> _ASSIGNMENT_: Scan the material below and copy every line holding the word "Living".

=== Begin Enclosure ===

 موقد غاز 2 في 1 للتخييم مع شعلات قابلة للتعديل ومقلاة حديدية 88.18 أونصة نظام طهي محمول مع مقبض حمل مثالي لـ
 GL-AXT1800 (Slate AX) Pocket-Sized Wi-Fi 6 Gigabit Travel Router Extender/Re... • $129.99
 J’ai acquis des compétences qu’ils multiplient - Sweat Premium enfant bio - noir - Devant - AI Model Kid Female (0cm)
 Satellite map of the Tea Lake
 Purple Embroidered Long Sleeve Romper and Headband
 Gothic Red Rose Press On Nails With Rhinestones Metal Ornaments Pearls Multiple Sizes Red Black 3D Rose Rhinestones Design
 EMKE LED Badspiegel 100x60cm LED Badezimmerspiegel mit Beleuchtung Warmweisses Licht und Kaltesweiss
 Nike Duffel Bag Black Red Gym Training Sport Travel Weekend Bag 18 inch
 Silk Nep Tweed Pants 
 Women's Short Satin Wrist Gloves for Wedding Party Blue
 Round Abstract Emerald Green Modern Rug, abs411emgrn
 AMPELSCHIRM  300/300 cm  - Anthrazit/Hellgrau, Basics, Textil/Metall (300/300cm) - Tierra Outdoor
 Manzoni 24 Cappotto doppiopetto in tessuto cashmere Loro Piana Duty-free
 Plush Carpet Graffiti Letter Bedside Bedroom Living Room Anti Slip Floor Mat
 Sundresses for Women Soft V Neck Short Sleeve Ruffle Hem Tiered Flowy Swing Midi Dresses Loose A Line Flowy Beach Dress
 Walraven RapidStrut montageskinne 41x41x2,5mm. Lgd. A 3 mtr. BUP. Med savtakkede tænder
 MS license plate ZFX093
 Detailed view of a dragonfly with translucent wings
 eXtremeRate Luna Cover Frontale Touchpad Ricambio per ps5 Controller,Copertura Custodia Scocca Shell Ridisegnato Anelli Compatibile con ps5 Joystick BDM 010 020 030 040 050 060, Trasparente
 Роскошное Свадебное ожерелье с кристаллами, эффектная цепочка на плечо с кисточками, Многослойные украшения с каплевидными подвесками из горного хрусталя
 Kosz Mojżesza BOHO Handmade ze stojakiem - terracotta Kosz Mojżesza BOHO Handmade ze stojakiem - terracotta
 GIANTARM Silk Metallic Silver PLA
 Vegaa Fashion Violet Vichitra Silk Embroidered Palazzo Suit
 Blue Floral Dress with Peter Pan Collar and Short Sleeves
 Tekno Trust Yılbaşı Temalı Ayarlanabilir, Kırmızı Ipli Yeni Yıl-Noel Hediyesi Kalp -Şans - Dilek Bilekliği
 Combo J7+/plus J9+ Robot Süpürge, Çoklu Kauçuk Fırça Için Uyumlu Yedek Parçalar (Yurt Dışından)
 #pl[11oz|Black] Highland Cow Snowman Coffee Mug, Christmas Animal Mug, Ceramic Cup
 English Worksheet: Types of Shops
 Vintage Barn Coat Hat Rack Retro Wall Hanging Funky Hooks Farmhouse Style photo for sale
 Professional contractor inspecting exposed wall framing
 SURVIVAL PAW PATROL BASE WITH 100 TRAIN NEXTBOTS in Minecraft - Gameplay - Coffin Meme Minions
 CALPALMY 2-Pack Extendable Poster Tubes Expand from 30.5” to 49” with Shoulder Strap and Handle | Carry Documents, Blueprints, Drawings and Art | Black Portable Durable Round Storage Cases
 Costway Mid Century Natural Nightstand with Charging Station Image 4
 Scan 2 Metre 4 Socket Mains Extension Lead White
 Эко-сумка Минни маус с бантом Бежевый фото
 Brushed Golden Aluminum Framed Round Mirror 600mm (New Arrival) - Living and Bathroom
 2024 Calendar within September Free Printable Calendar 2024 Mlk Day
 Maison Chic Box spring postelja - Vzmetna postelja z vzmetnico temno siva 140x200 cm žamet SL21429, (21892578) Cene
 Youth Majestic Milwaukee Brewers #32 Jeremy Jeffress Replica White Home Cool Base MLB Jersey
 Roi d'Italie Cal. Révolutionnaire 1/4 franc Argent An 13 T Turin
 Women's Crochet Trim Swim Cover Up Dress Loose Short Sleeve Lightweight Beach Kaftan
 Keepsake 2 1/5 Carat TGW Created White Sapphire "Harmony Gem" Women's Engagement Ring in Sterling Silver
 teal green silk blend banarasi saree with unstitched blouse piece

=== End Enclosure ===

> _EXERCISE SOLUTION_:
 Plush Carpet Graffiti Letter Bedside Bedroom Living Room Anti Slip Floor Mat
 Brushed Golden Aluminum Framed Round Mirror 600mm (New Arrival) - Living and Bathroom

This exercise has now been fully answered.